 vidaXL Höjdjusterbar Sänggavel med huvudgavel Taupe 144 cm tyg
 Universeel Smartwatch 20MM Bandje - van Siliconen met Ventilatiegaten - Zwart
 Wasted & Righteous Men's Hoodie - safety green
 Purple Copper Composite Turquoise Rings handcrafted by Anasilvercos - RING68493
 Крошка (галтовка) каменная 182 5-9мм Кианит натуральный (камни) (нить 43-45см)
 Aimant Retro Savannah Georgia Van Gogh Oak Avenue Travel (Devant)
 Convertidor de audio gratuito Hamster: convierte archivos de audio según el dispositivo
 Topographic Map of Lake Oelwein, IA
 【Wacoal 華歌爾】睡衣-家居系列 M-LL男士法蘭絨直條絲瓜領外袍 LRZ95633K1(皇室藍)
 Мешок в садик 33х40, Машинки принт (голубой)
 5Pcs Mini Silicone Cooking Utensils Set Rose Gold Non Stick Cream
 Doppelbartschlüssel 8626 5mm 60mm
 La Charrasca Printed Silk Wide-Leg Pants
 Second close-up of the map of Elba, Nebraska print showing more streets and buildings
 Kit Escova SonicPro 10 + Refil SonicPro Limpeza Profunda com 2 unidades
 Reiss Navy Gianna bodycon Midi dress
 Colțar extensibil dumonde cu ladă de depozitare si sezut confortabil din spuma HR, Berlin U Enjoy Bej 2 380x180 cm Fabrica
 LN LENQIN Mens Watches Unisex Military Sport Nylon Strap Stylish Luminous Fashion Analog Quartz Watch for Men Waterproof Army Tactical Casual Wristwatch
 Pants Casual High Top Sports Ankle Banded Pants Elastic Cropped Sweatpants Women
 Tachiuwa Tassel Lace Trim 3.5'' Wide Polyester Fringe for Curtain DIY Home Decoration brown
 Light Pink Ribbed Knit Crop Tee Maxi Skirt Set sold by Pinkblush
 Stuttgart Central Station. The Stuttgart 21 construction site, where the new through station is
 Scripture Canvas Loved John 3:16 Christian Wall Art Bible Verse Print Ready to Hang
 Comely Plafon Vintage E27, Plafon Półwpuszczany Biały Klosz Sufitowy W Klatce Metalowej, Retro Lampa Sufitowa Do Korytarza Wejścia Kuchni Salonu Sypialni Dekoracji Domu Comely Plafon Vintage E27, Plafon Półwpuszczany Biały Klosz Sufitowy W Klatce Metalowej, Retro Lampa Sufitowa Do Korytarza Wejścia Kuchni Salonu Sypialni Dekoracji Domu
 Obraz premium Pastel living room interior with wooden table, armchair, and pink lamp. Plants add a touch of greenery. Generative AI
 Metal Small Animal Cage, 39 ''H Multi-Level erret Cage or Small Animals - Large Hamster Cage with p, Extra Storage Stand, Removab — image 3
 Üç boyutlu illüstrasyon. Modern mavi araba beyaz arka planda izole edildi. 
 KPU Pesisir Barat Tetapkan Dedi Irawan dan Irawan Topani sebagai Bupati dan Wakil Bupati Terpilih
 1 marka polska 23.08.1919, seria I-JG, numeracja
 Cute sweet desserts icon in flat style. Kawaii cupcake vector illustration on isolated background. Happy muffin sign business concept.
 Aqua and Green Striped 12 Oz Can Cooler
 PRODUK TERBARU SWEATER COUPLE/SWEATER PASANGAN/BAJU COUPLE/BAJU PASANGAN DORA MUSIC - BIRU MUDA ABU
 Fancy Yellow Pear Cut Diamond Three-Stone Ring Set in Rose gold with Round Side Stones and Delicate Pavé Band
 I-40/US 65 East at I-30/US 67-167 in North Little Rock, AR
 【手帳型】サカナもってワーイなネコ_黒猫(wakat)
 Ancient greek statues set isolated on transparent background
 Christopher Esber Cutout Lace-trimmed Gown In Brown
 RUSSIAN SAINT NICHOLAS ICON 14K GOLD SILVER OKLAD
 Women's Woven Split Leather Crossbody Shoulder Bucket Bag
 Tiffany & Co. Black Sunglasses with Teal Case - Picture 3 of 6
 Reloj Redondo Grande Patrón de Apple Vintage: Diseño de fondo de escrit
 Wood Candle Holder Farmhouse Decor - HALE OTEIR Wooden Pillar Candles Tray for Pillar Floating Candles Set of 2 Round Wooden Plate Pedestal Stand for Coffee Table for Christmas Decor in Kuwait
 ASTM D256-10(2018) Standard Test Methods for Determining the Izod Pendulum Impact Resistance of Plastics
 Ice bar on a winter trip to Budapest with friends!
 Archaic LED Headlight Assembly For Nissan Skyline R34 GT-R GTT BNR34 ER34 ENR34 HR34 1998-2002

=-=-=-=-=

Directions: All lines from the one containing "Tiffany & Co." through the final line of the listing above are to be reproduced exactly; include both and add nothing.

Output of the task:
 Tiffany & Co. Black Sunglasses with Teal Case - Picture 3 of 6
 Reloj Redondo Grande Patrón de Apple Vintage: Diseño de fondo de escrit
 Wood Candle Holder Farmhouse Decor - HALE OTEIR Wooden Pillar Candles Tray for Pillar Floating Candles Set of 2 Round Wooden Plate Pedestal Stand for Coffee Table for Christmas Decor in Kuwait
 ASTM D256-10(2018) Standard Test Methods for Determining the Izod Pendulum Impact Resistance of Plastics
 Ice bar on a winter trip to Budapest with friends!
 Archaic LED Headlight Assembly For Nissan Skyline R34 GT-R GTT BNR34 ER34 ENR34 HR34 1998-2002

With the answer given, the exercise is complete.